Only a completely moribund technology is impervious to change! As digital technologies and services evolve, the demands placed on the associated namespaces also evolve in novel and unpredictable ways.
The DNS is an interesting case in point in that, so far, it has been able to respond to the evolving Internet without requiring fundamental changes to the structure of its namespace, to the distributed information model, or to the name resolution protocol. Most of the evolutionary changes that have been folded into the DNS to date have been undertaken in a way that preserves backward compatibility, and the cohesion of the underlying namespace has been largely preserved.
However, maintaining this cohesion across the Internet is not an assured outcome looking into the future.
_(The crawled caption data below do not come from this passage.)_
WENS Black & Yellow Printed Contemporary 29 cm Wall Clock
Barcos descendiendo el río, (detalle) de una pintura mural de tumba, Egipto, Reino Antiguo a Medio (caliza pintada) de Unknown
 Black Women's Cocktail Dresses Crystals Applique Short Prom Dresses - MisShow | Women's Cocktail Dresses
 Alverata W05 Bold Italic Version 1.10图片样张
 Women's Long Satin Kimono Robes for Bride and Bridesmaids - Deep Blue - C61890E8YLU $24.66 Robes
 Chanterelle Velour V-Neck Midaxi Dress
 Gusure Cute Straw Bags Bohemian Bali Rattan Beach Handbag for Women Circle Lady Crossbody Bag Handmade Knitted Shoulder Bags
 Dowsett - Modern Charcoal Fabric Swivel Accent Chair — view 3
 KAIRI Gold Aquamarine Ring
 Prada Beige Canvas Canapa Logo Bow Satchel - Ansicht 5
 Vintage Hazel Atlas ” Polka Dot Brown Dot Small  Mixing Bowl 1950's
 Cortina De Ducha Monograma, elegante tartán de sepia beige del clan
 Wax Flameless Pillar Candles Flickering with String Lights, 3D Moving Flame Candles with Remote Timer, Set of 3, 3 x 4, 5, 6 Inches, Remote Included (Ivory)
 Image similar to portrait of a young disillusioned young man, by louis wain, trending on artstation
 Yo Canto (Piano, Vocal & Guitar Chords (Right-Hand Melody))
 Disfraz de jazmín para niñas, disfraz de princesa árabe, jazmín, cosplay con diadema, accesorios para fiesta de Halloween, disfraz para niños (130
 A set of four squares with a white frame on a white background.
The pressures at a national and regional level to impose barriers to access to content are often expressed in the manner of imposing selective barriers to the resolution of content service names, and the DNS is left carrying the burden of supporting such selective fragmentation in the Internet. The camel has undeniably poked its nose into the tent of name coherence in the form of EDNS Client Subnet, where the response given to a query may be dependent on who is querying, as much as the name that is being used in the query, and it’s likely that this more qualified and fragmented model of a namespace will persist and support an increasingly fragmented Internet.